SOURCE MATERIAL:
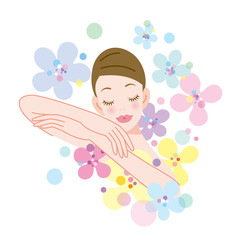 リラックスする女性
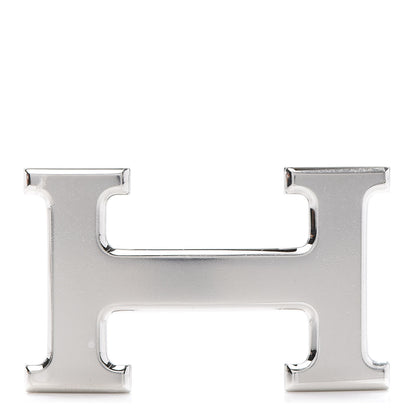 Hermes Polished Palladium 32mm H Belt Buckle Silver 1 of 6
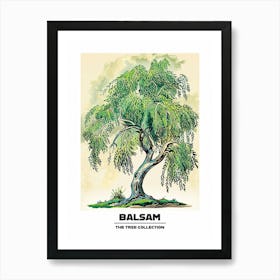 Balsam Tree Storybook Illustration 2 Poster Art Print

DESCRIPTION OF THE TASK: Would you return the whole listing above exactly as written, skipping any image?

EXERCISE ANSWER:
 リラックスする女性
 Hermes Polished Palladium 32mm H Belt Buckle Silver 1 of 6
 Balsam Tree Storybook Illustration 2 Poster Art Print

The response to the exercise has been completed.